Start of Block
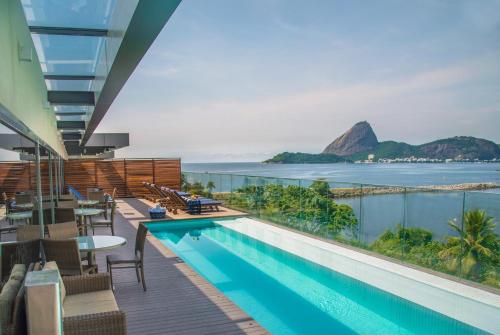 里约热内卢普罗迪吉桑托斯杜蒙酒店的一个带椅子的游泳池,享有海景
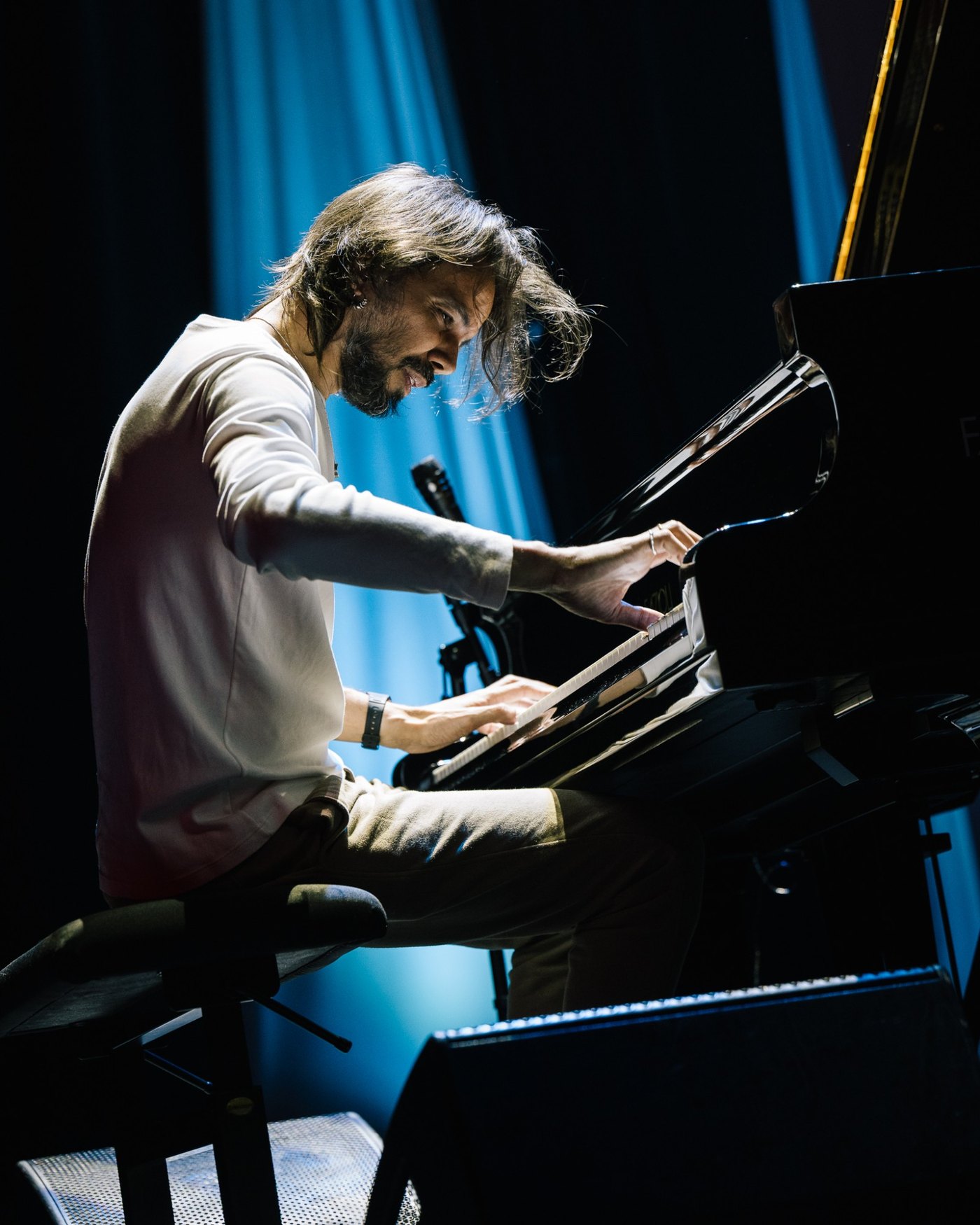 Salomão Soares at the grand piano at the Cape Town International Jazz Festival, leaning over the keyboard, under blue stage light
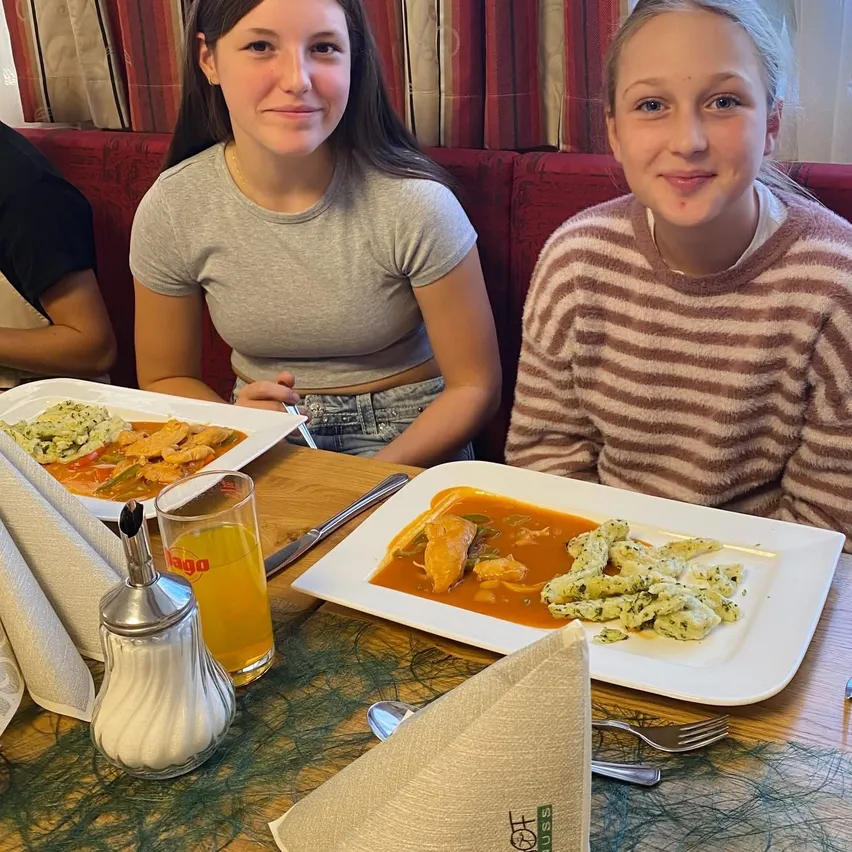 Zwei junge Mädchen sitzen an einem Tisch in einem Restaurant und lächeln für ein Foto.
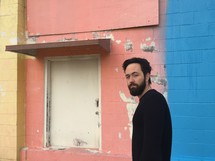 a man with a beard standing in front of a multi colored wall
End of Block
The material is to be written out word for word, and the pictures are to be left out.

 里约热内卢普罗迪吉桑托斯杜蒙酒店的一个带椅子的游泳池,享有海景
 Salomão Soares at the grand piano at the Cape Town International Jazz Festival, leaning over the keyboard, under blue stage light
 Zwei junge Mädchen sitzen an einem Tisch in einem Restaurant und lächeln für ein Foto.
 a man with a beard standing in front of a multi colored wall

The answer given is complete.